== Segment start ==
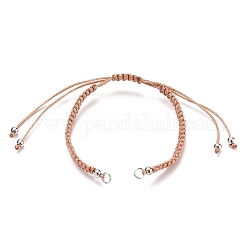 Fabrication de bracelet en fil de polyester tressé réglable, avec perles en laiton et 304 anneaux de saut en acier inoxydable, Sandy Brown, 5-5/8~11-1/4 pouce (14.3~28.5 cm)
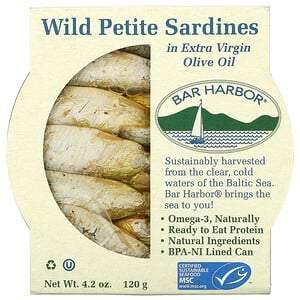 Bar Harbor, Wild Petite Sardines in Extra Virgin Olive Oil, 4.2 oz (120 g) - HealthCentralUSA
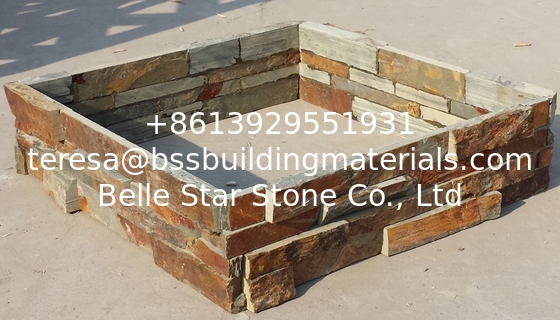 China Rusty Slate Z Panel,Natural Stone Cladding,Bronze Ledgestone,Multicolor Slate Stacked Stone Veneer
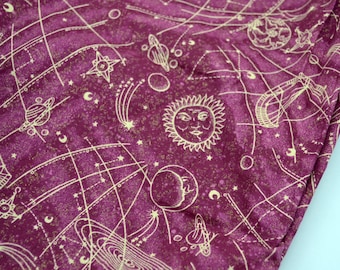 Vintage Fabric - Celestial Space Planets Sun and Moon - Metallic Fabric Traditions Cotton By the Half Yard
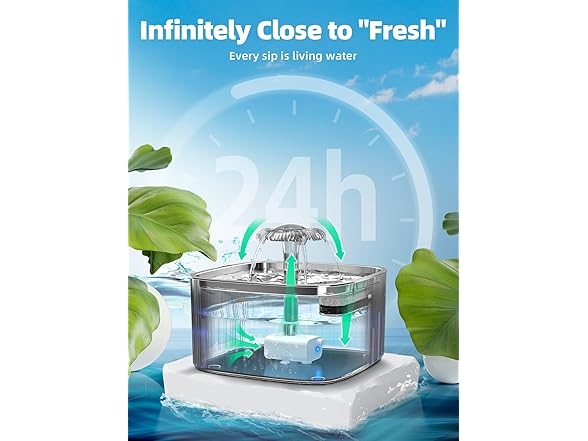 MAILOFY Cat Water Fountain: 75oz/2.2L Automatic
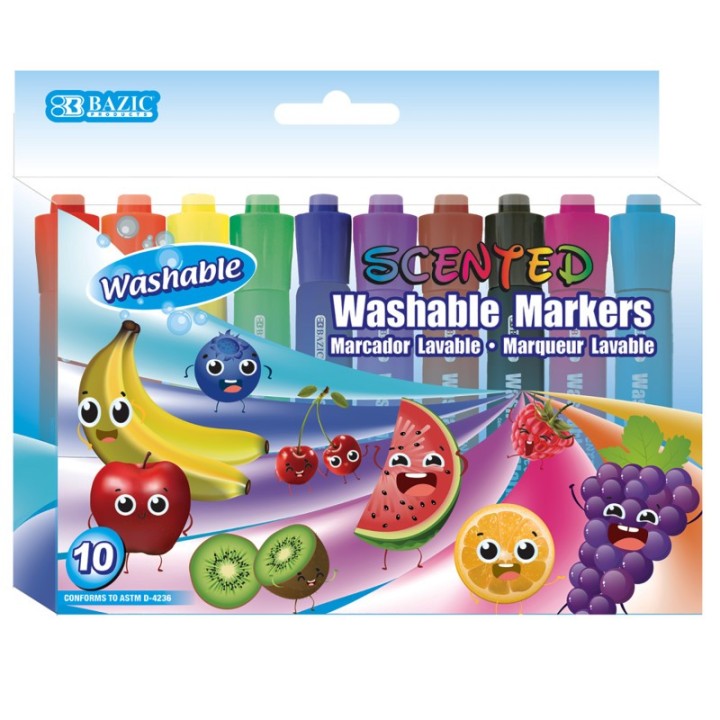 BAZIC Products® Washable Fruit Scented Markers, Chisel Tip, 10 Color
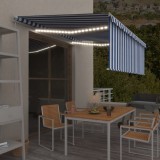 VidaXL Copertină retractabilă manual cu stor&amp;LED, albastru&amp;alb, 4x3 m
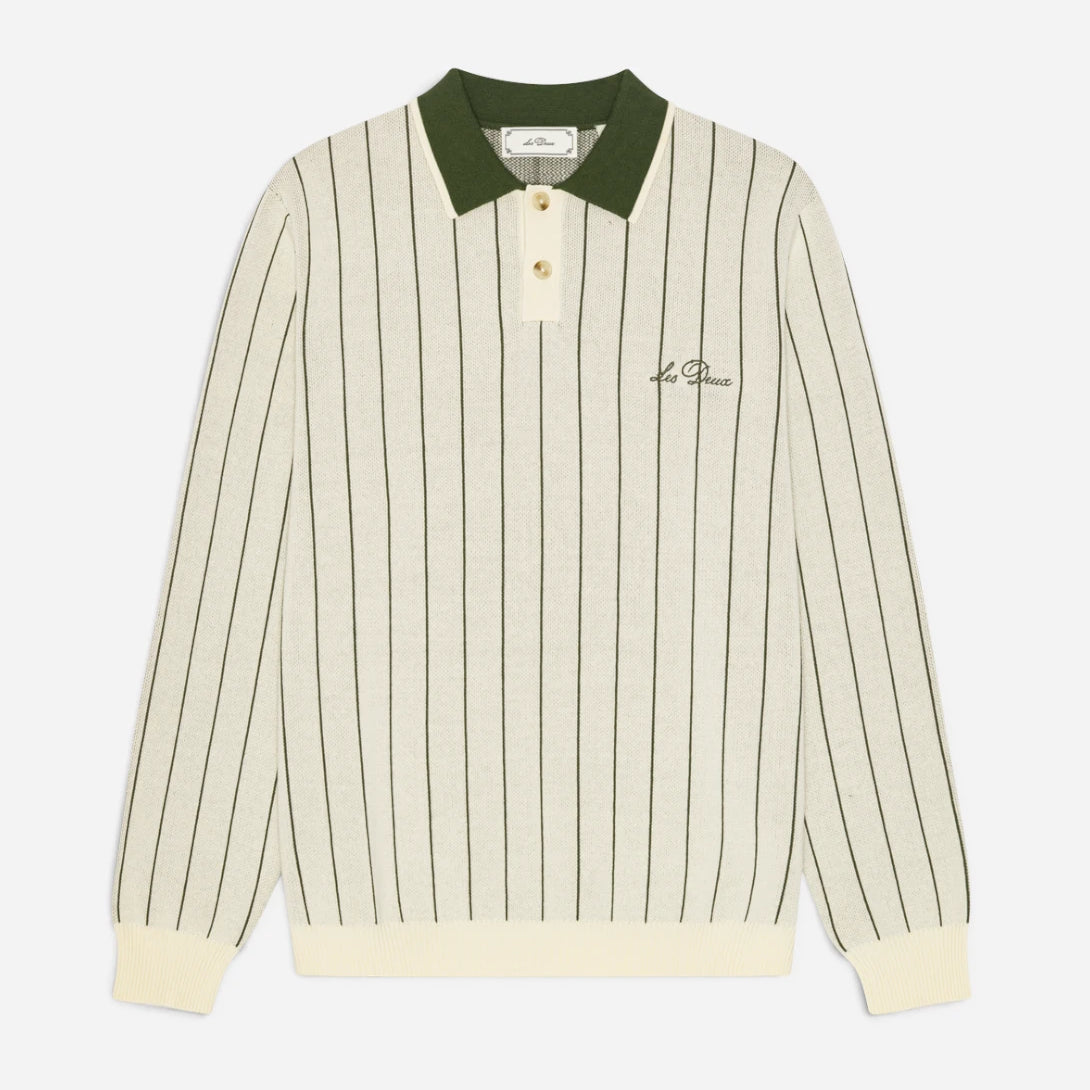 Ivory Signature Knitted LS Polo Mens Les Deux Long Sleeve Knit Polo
== Segment end ==
== Segment start ==
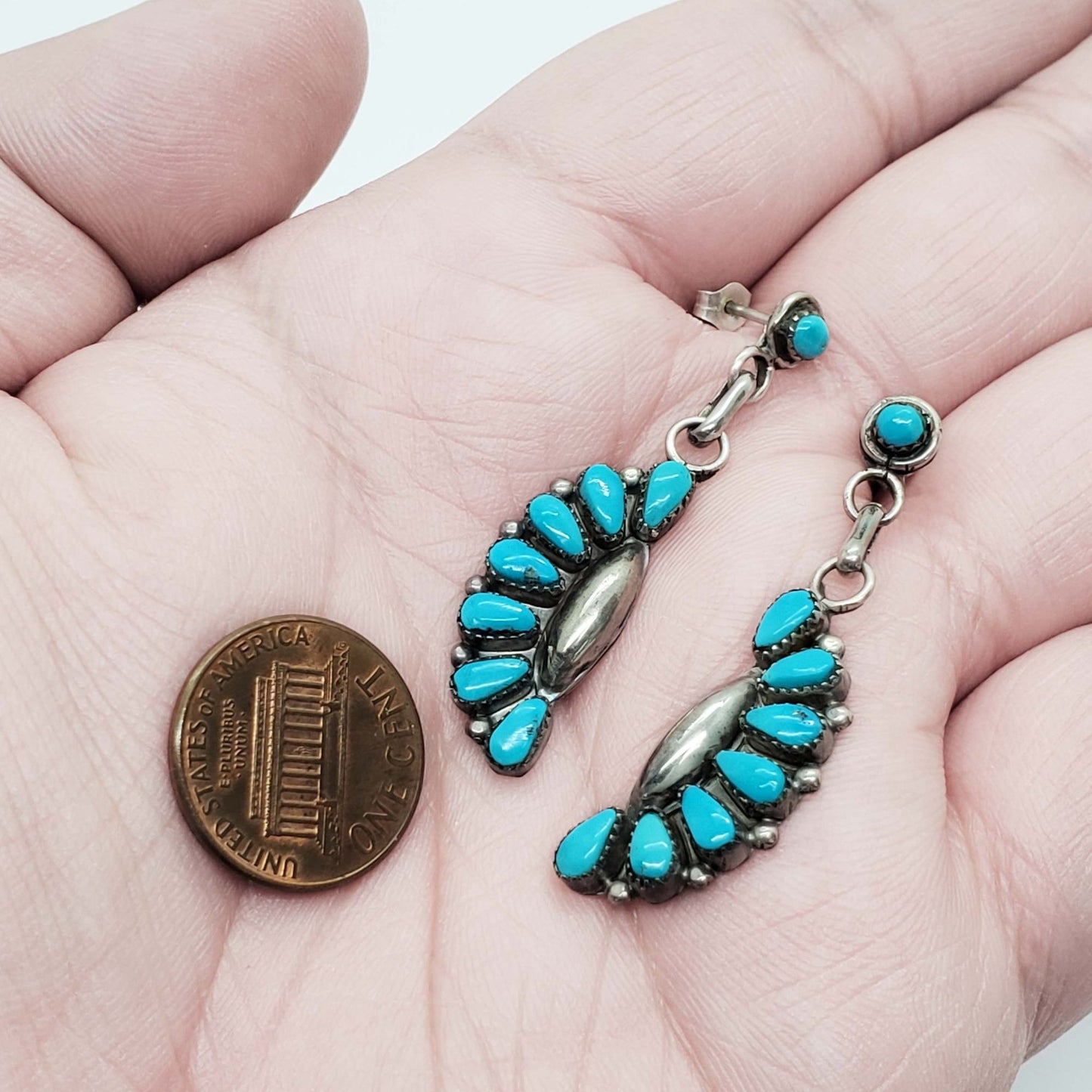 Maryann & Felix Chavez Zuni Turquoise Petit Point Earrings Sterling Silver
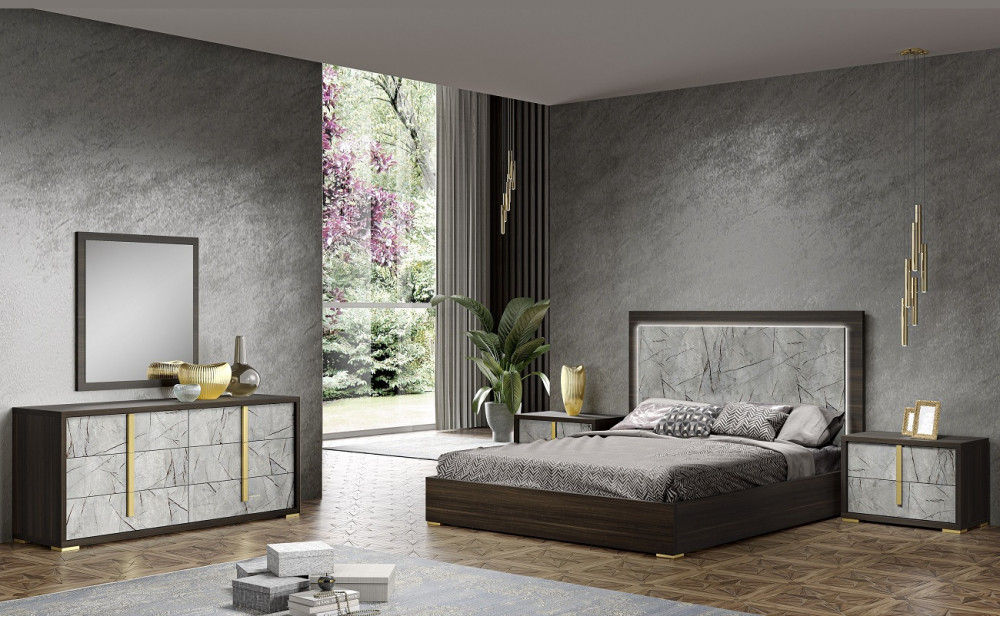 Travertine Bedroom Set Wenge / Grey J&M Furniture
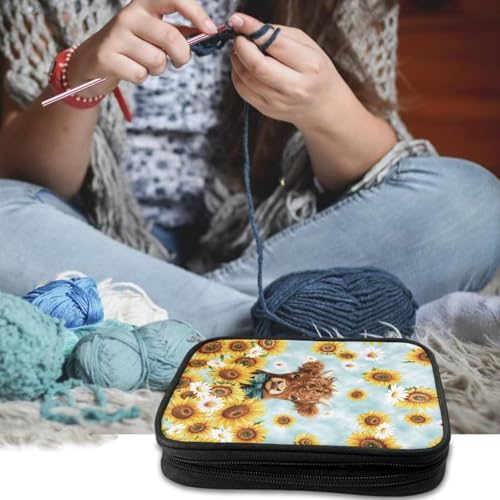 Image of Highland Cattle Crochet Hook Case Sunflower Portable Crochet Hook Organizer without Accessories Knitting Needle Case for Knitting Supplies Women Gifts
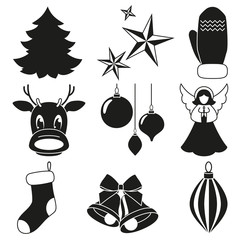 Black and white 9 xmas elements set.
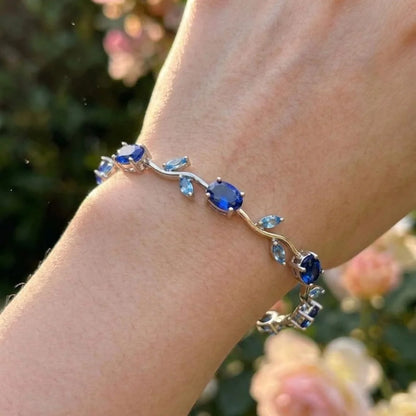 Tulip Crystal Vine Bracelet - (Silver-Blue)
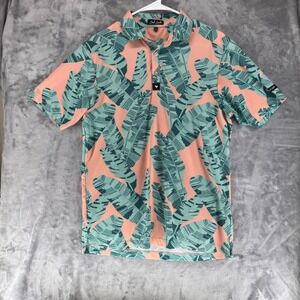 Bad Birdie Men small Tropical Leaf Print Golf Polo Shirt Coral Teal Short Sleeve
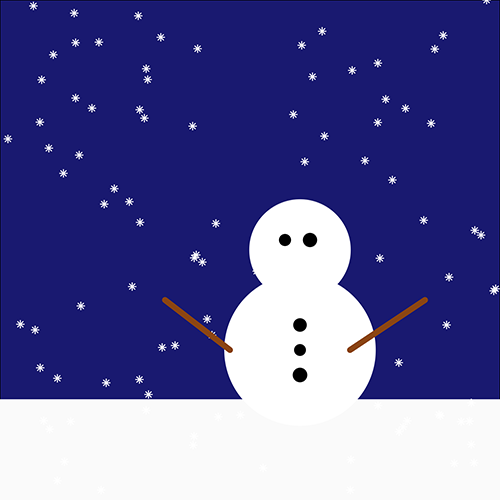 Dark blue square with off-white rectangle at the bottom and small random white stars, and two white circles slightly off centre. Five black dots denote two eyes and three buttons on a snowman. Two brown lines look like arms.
== Segment end ==
§ Work task
Find where the line with "VidaXL Copertină retractabilă" sits in the material above and where the line with "Ivory Signature Knitted" sits. Set down exactly the lines from the first to the second, both included and nothing else, without pictures.

§ Task output
 VidaXL Copertină retractabilă manual cu stor&amp;LED, albastru&amp;alb, 4x3 m
 Ivory Signature Knitted LS Polo Mens Les Deux Long Sleeve Knit Polo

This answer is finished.